Monday Book: Alan Turing

Alan TurningAlan Turing

by Jim Eldridge

Bloomsbury

The Real Lives series of books are narrative accounts of the lives and times of some of the world’s most iconic people and the latest addition to the collection is about the “father of computer science” Alan Turing.

Born in 1912, the book identifies markers in his youth that would create the kind of person whose inventions would change our world so much. He did badly at school as he was not interested in arts and classical languages and arrived at answers to mathematical problems without showing how he arrived at his (correct) conclusions.

At university, he worked on a thinking machine to work out mathematical problems but war intervened and he made a name for himself as a code-breaker. After the war, he developed the first modern computer but his personal life brought him tragedy.

Alan Turing made no secret of being gay, particularly at Cambridge University where a large number of the staff appeared to be gay. After the war, there seemed to be less tolerance and the consequences for men being in gay relationships were imprisonment and/or chemical castration.

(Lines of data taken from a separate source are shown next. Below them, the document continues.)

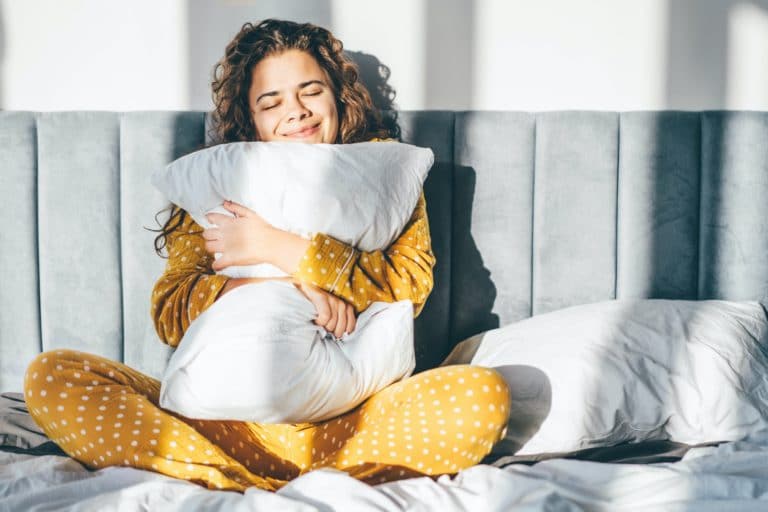 Woman in yellow pajamas hugging pillow and smiling.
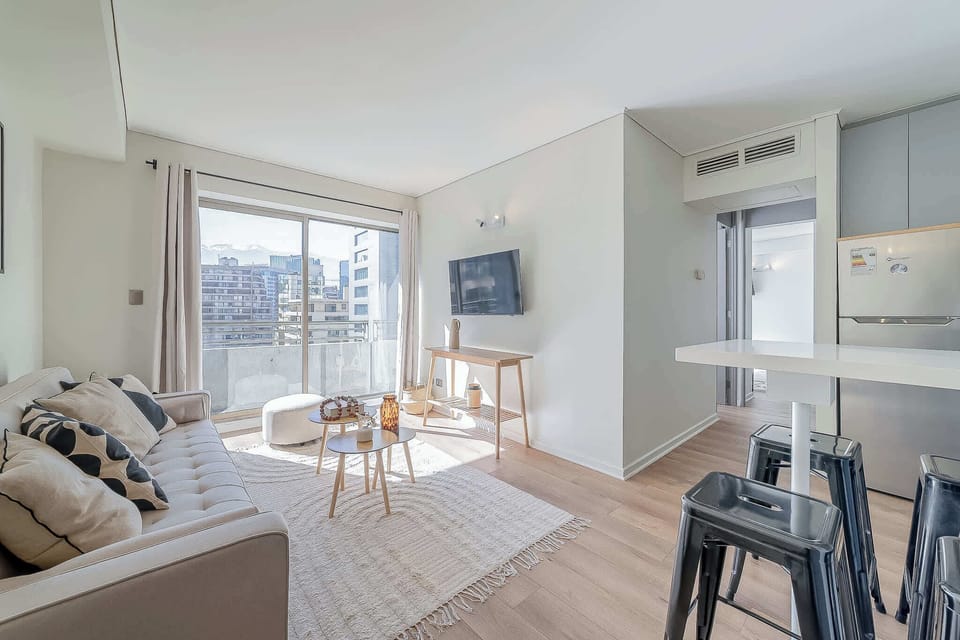 Relax in a bright, modern living space with stunning city views and stylish decor, perfect for unwinding after a day of exploring.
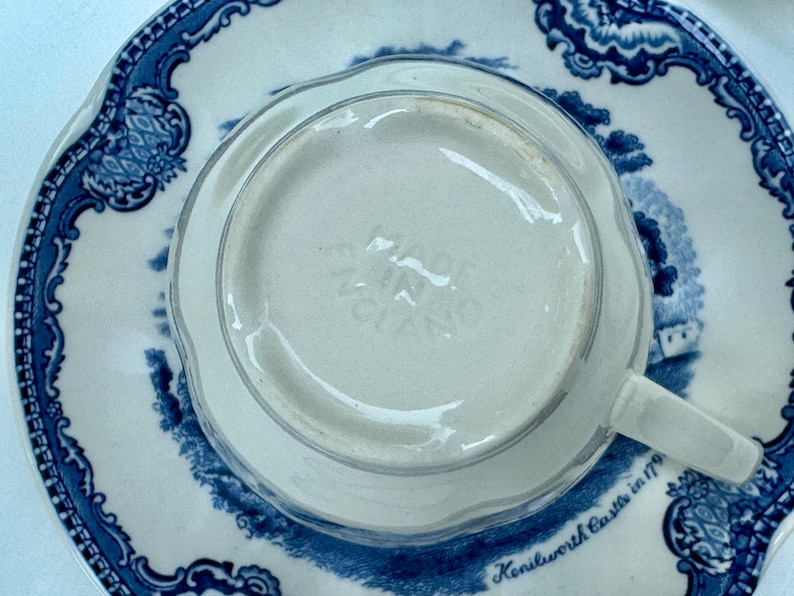 Puede incluir: Una taza de t&eacute; blanca con asa, colocada sobre un platillo a juego. El platillo y la taza presentan un dise&ntilde;o floral azul y blanco con una escena de paisaje. La base de la taza est&aacute; estampada "MADE IN ENGLAND".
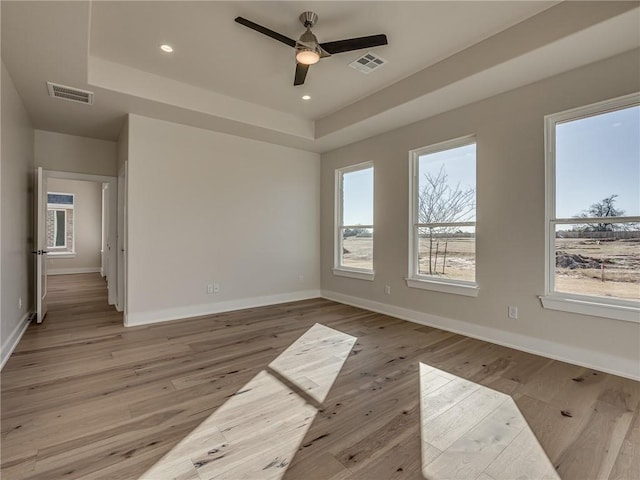 spare room with light wood-type flooring, baseboards, visible vents, and a tray ceiling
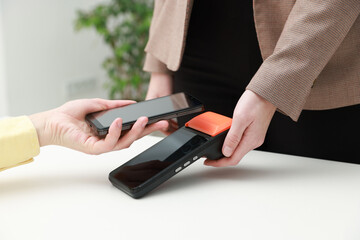 Woman paying for service with smartphone via terminal at white table indoors, closeup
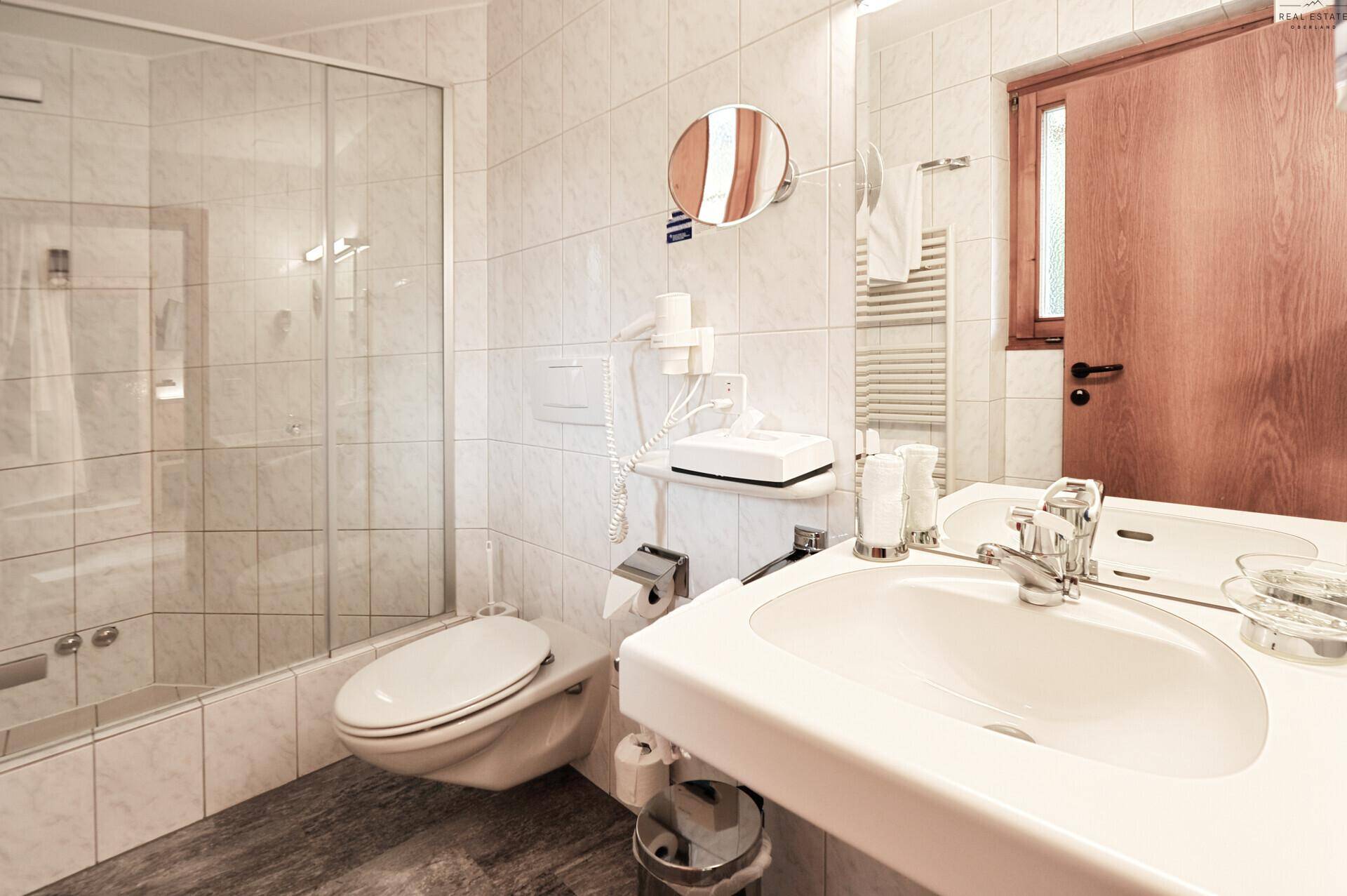 Badezimmer mit Duschkabine, WC, Waschbecken und hellen Wandfliesen.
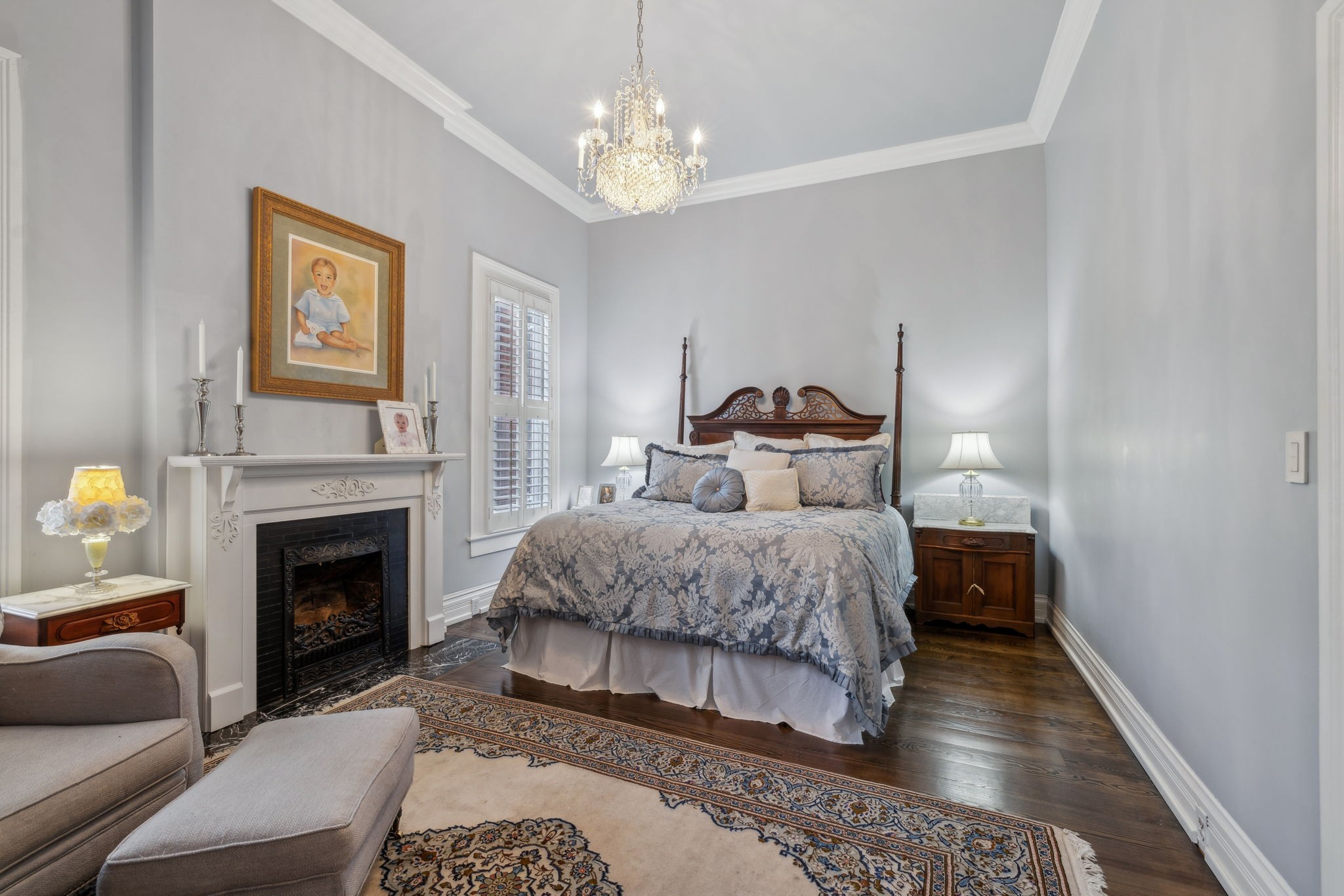 224 3rd Avenue South Franklin, TN 37064 - Photo 44 of 92 a bedroom with a bed and a fireplace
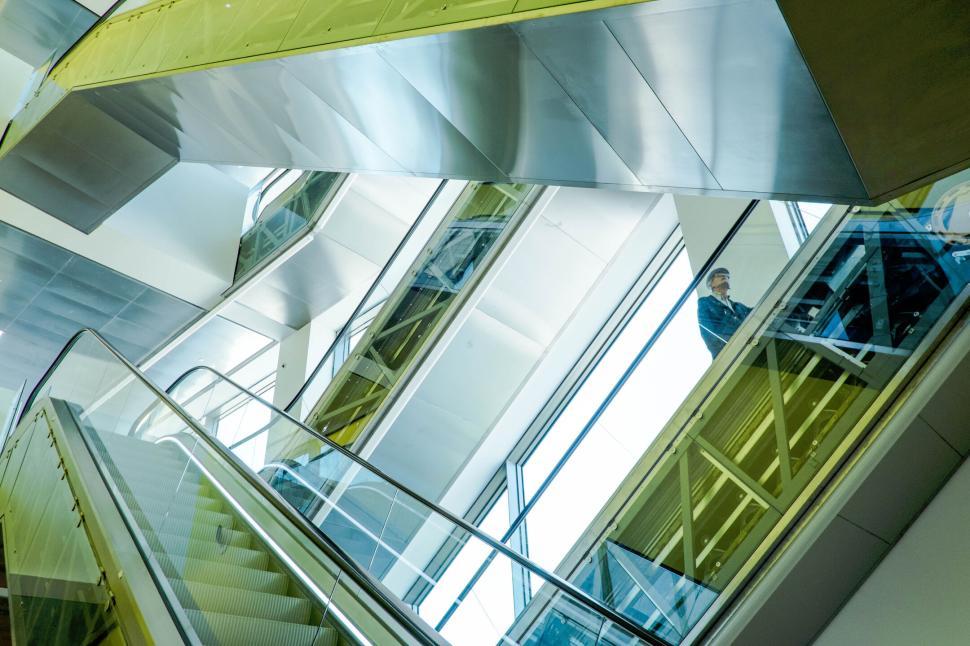 Free Image of Modern escalators and architecture with person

Gay relationships between women were not illegal but it was not until 1967 that Britain decriminalised gay relationships between men.

His legacies in helping to shorten World War II and laying the groundwork for the modern day computer have been celebrated but it is only many years after his death that it has been acknowledged that he was punished unjustly for loving another man. Unfortunately the punishment probably led to the early demise of one of the twentieth century’s most brilliant mathematicians.